> _DATA EXTRACT_:
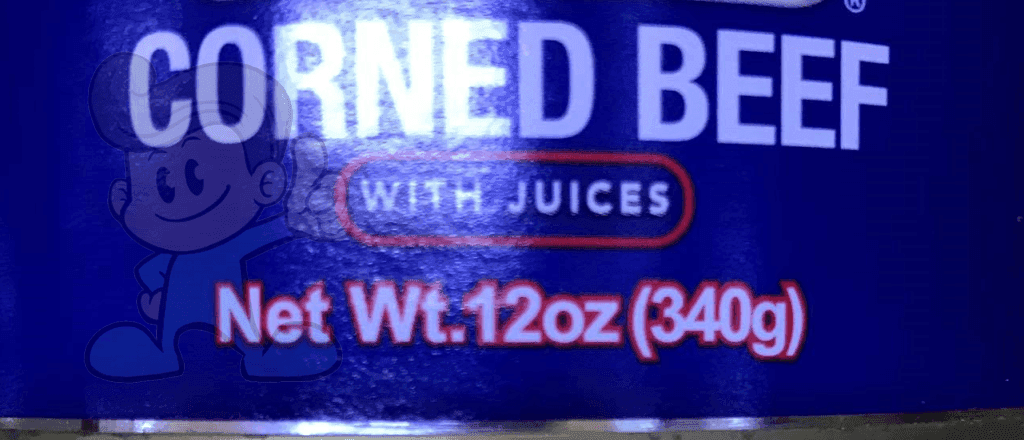 Purefoods Corned Beef With Juices (2 X 340 G) Groceries
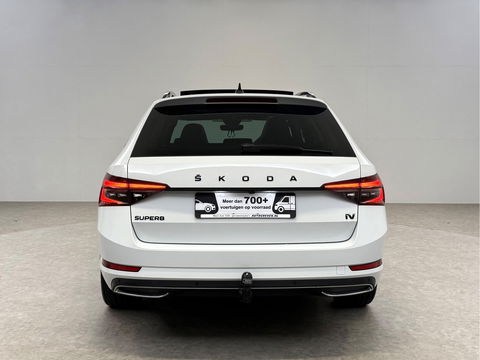 Škoda Superb Combi 1.4 TSI iV 218PK Sportline | Pano | 360° | Virtual | Sfeerverl. | Memory | Canton | Camera | Carplay | Adap. Cruise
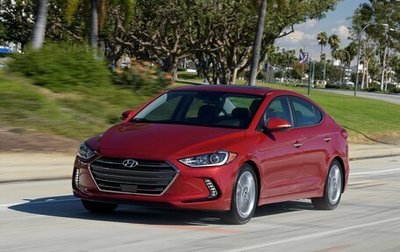 Hyundai Elantra VI рестайлинг, 2017 год, 1 300 000 рублей, 1 фотография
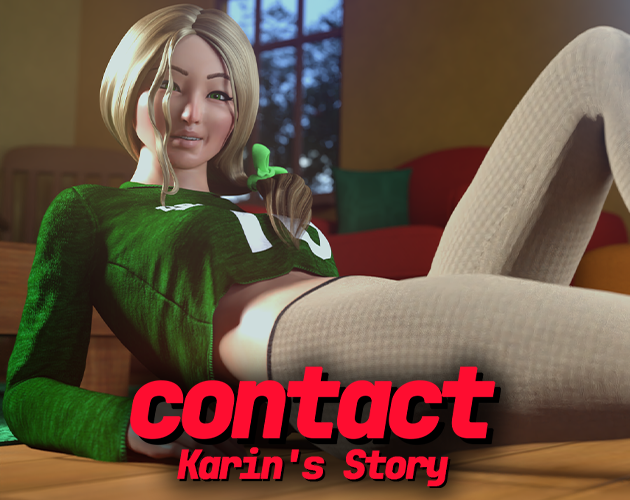 Cover image for Contact: Karin's Story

> _TASK DETAILS_:
Find the line containing "Škoda Superb Combi" in the listing above. Restate it and every line after it, word for word, through the final line, leaving out the pictures.

> _RESULT OF THE EXERCISE_:
 Škoda Superb Combi 1.4 TSI iV 218PK Sportline | Pano | 360° | Virtual | Sfeerverl. | Memory | Canton | Camera | Carplay | Adap. Cruise
 Hyundai Elantra VI рестайлинг, 2017 год, 1 300 000 рублей, 1 фотография
 Cover image for Contact: Karin's Story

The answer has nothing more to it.